About 20 percent of people with diabetes will eventually experience peripheral neuropathy – pain that is often described as burning, shooting, stabbing or tingling in the toes and fingertips.
According to a study published in the journal Nature Neuroscience, scientists have discovered how to reverse this pain. They have identified and successfully tested a molecule that can inhibit the function of a protein that turns touch receptors into pain receptors under the skin. They did their research in mice, which have a similar neural and cellular make up as humans.
The scientists are hopeful that a new drug can be developed to treat patients with diabetic neuropathy, as well as other nerve damage-related pain, but note that nerve damage itself generally can’t be repaired.
“Therefore, proper pain management can significantly improve the lives of people with diabetic neuropathy and others living with nerve damage,” said co-author, Dr. Kate Poole, who conducted the research at the Max Delbruck Centre for Molecular Medicine in Germany, and is now based at UNSW’s School of Medical Sciences.

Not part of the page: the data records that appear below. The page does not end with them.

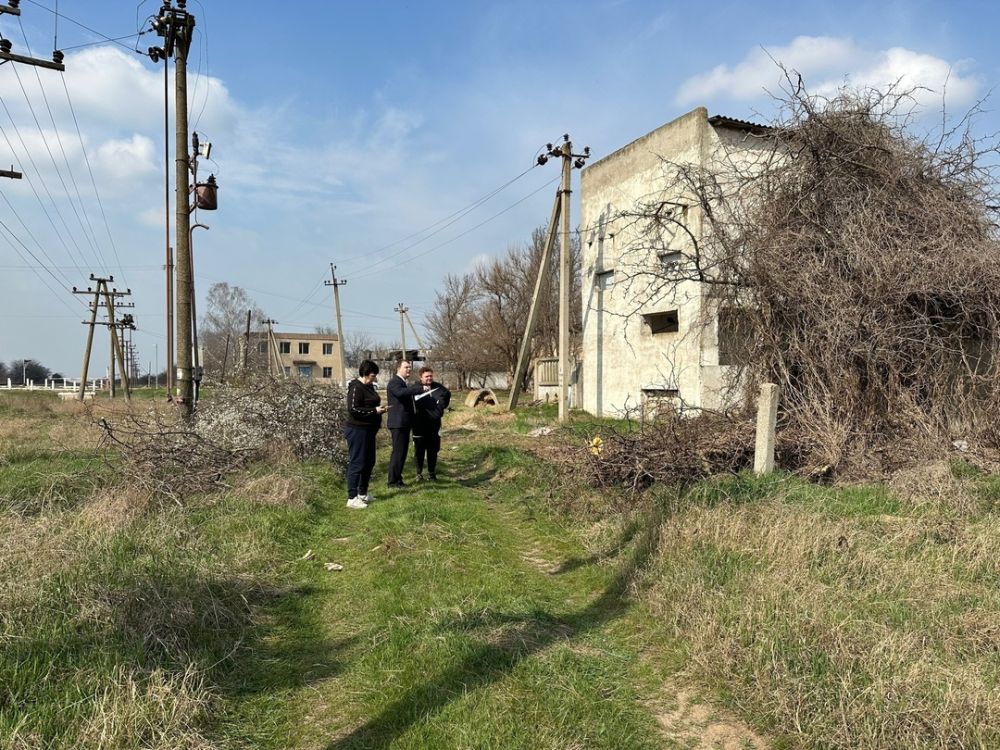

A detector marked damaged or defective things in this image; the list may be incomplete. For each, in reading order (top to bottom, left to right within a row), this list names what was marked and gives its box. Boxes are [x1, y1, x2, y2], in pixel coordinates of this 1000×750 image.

broken window [640, 312, 680, 334]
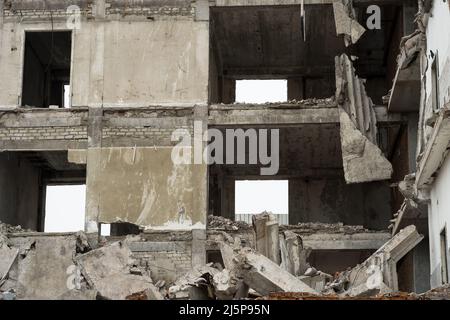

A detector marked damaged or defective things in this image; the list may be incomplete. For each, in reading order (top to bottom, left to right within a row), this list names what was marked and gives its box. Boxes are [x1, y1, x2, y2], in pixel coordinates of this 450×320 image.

broken concrete slab [334, 0, 366, 47]
broken concrete slab [340, 108, 392, 182]
cracked concrete wall [86, 148, 207, 230]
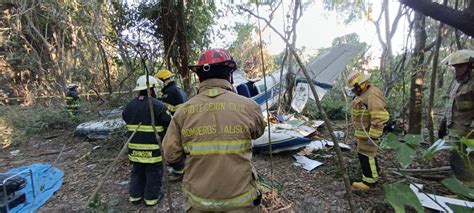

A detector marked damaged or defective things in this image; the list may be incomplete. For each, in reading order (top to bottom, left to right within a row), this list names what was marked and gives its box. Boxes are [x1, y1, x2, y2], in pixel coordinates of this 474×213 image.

crashed small airplane [76, 43, 362, 153]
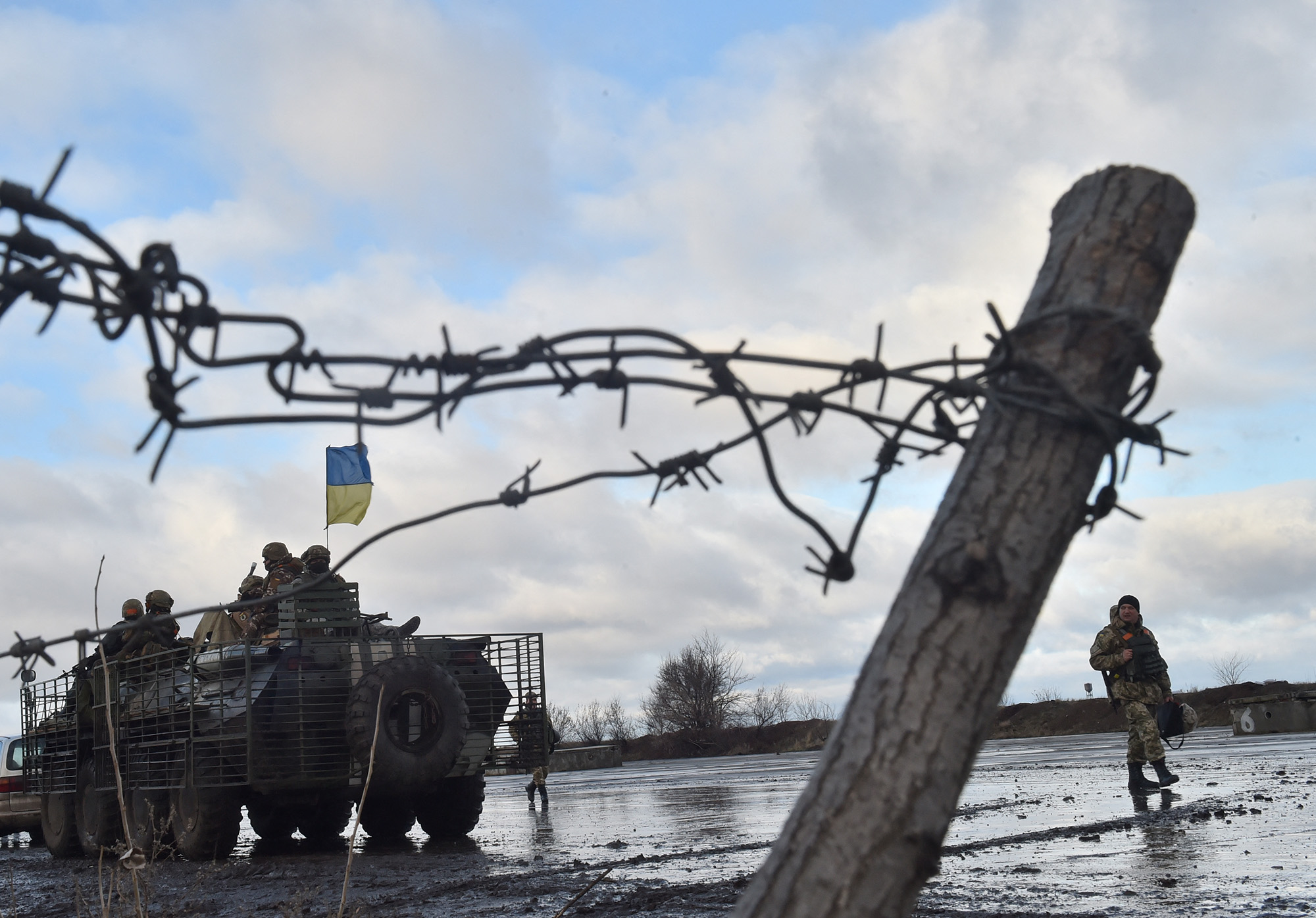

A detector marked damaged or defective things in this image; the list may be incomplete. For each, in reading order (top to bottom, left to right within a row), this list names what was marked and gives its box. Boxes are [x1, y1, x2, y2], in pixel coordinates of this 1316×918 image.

rusted barbed wire strand [2, 157, 1184, 673]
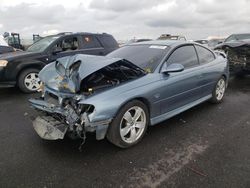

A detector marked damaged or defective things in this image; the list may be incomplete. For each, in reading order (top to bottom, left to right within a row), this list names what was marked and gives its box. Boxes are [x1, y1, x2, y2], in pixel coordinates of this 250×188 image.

crumpled hood [39, 54, 122, 93]
damaged blue coupe [29, 41, 229, 148]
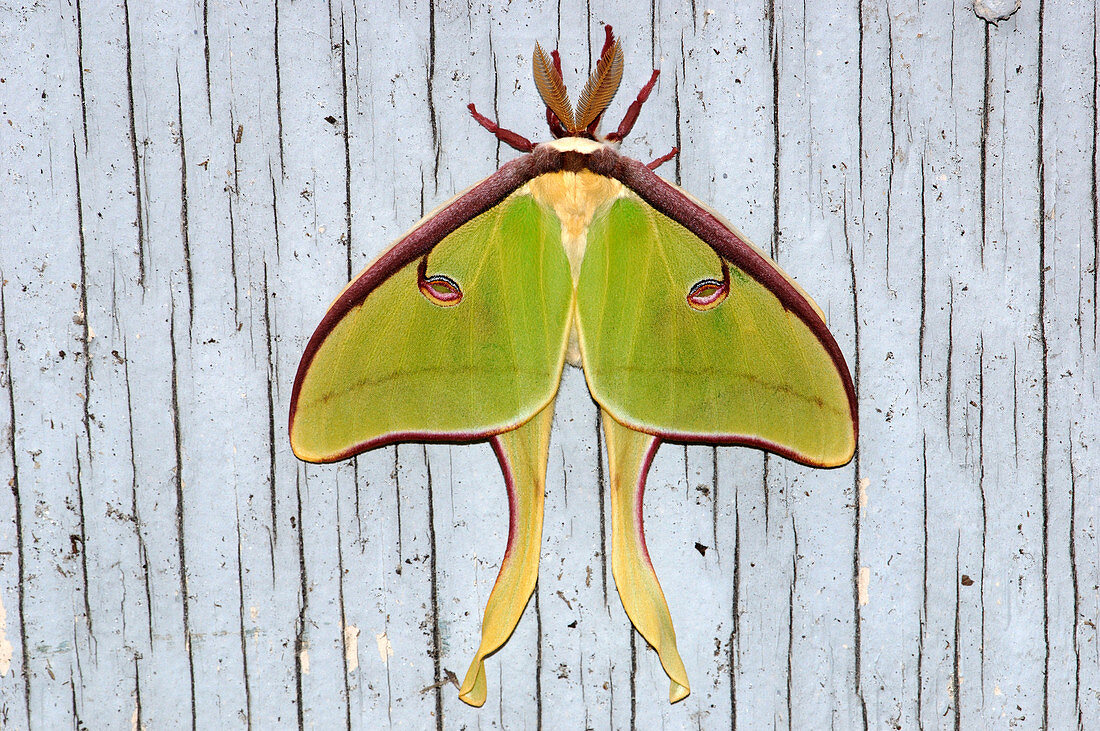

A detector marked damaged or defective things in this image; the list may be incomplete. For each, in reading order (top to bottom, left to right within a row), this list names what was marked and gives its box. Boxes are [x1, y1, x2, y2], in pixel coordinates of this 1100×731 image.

chipped paint spot [972, 0, 1020, 22]
peeling white paint [972, 0, 1020, 22]
peeling white paint [343, 619, 360, 672]
chipped paint spot [343, 624, 360, 668]
chipped paint spot [376, 628, 393, 663]
peeling white paint [376, 628, 393, 663]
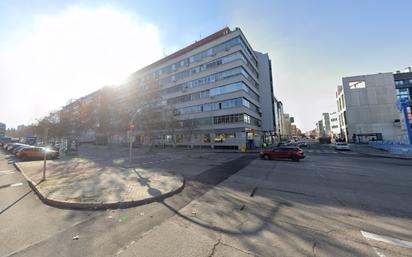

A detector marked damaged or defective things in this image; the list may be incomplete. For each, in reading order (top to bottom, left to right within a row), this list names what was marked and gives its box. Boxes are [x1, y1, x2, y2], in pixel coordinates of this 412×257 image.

cracked asphalt [0, 145, 412, 255]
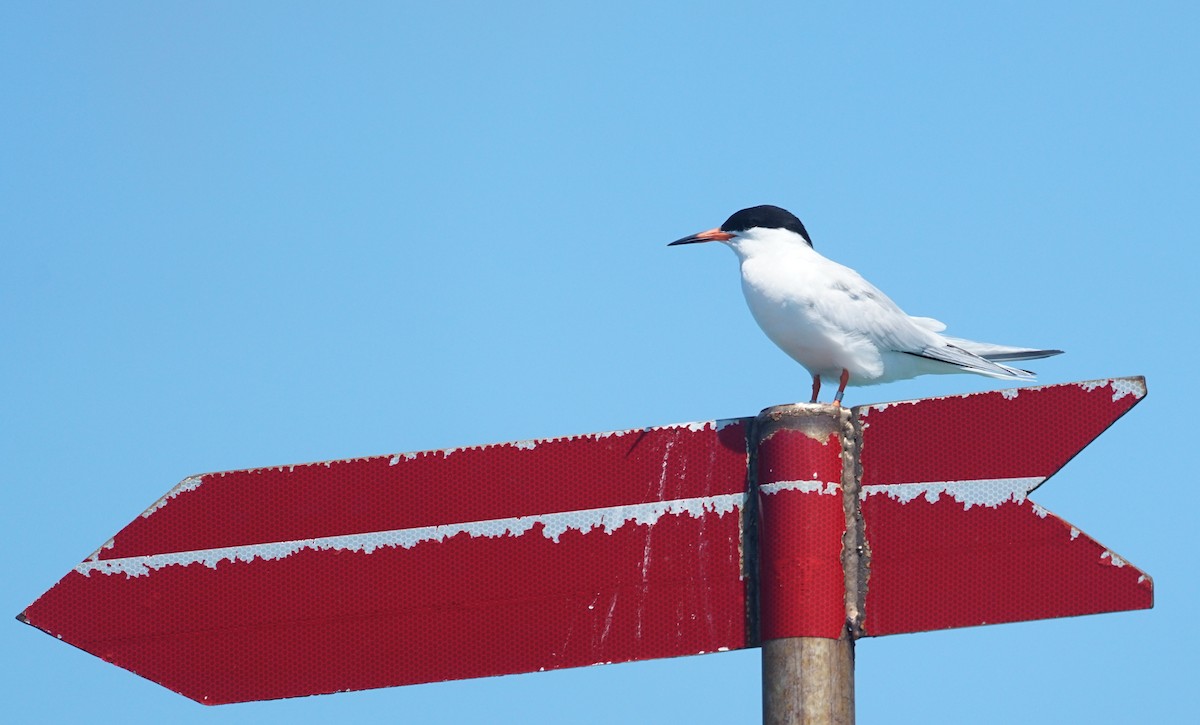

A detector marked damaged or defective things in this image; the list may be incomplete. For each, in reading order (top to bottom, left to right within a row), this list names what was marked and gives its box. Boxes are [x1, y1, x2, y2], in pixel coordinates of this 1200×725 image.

peeling paint [140, 475, 206, 520]
peeling paint [763, 477, 840, 494]
peeling paint [859, 475, 1046, 508]
peeling paint [75, 492, 744, 578]
rust on pole [748, 403, 864, 725]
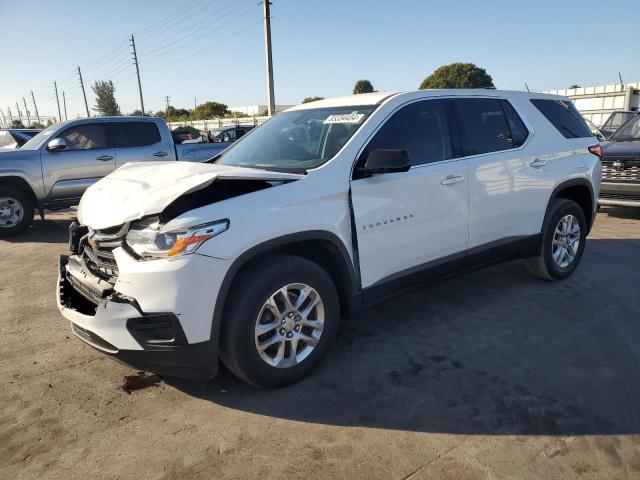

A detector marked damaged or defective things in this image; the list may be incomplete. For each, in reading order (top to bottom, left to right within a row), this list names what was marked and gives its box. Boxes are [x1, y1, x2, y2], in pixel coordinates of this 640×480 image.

broken headlight [126, 217, 229, 258]
crumpled front hood [77, 161, 302, 229]
damaged white suv [57, 90, 604, 388]
front bumper damage [60, 255, 220, 378]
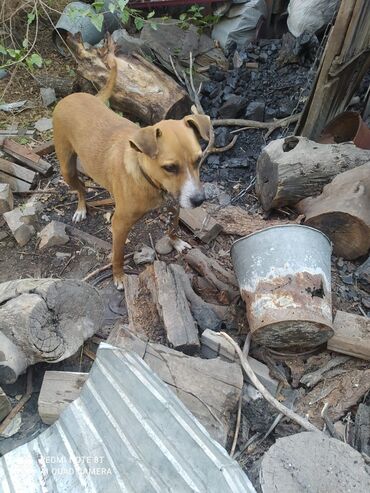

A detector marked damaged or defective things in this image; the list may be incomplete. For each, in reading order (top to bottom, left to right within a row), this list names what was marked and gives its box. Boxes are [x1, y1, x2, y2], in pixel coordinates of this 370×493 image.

rusty bucket [316, 111, 370, 148]
rusty metal object [231, 223, 332, 350]
rusty bucket [231, 225, 332, 352]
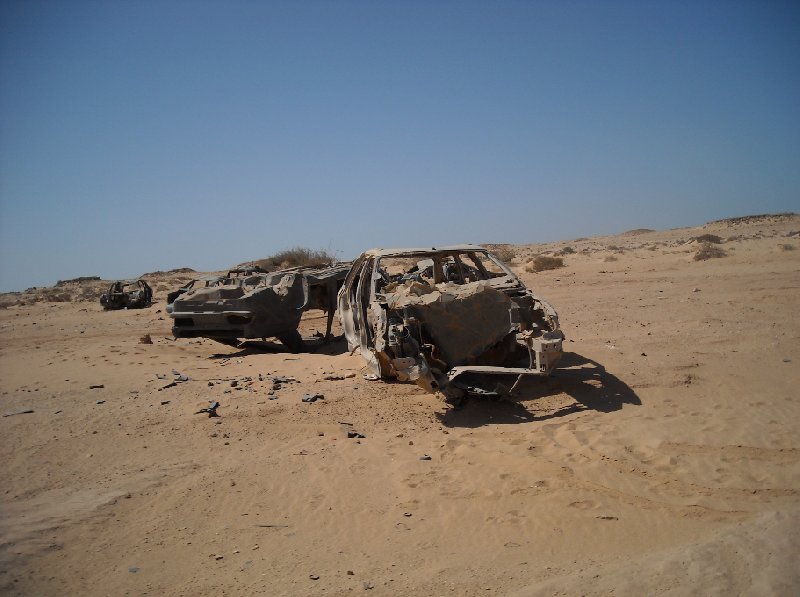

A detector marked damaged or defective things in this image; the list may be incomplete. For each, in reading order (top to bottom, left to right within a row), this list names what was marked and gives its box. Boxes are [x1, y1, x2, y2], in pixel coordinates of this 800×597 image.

Skin has specialized receptors that allow the perception of the slightest touch and can even detect extremely small movements. These movements are transformed into electrical signals via channels at sensory endings in the skin. The sensitivity of these channels is controlled by a protein called STOML3, which is required for normal receptor function.
This protein as a target for blocking pain receptors found underneath the skin. During their reserarch, the scientists identified a single molecule after searching through a catalogue of 35,000 compounds. When this molecule was tested on the sensory endings in the skin of mice, they found STOML3 clustering was inhibited and pain receptors were silenced.
Inhibiting STOML3 did not significantly affect the non-pain-related touch sensitivity of the mice, ensuring touch sensitivity was not sacrificed at the expense of turning off pain receptors.
“While a potential new treatment for the pain associated with diabetic neuropathy is still some years away, the research is an important first step in changing the accepted thinking around how to treat the condition,” Dr. Poole said.
“Directly targeting nerve receptors in the skin could help manage pain in a way that does not trigger the negative side effects of drugs that act on the body’s central nervous system, which is how most current treatments work.”
“If human patients respond the same way, this will represent a major step in treating a neuropathology that has a devastating effect on the lives of many people,” Professor Gary Lewin, from the Max Delbruck Centre for Molecular Medicine.
“We will be studying force sensing molecules in the cells that make our cartilage to see if we can identify a way to reverse the cartilage damage that occurs when people develop osteoarthritis,” Dr. Poole said.
“This also involves going back to the drawing board to look more closely at force sensing proteins in other cells and tissues so we can increase our understanding of how human cells sense their physical surroundings.”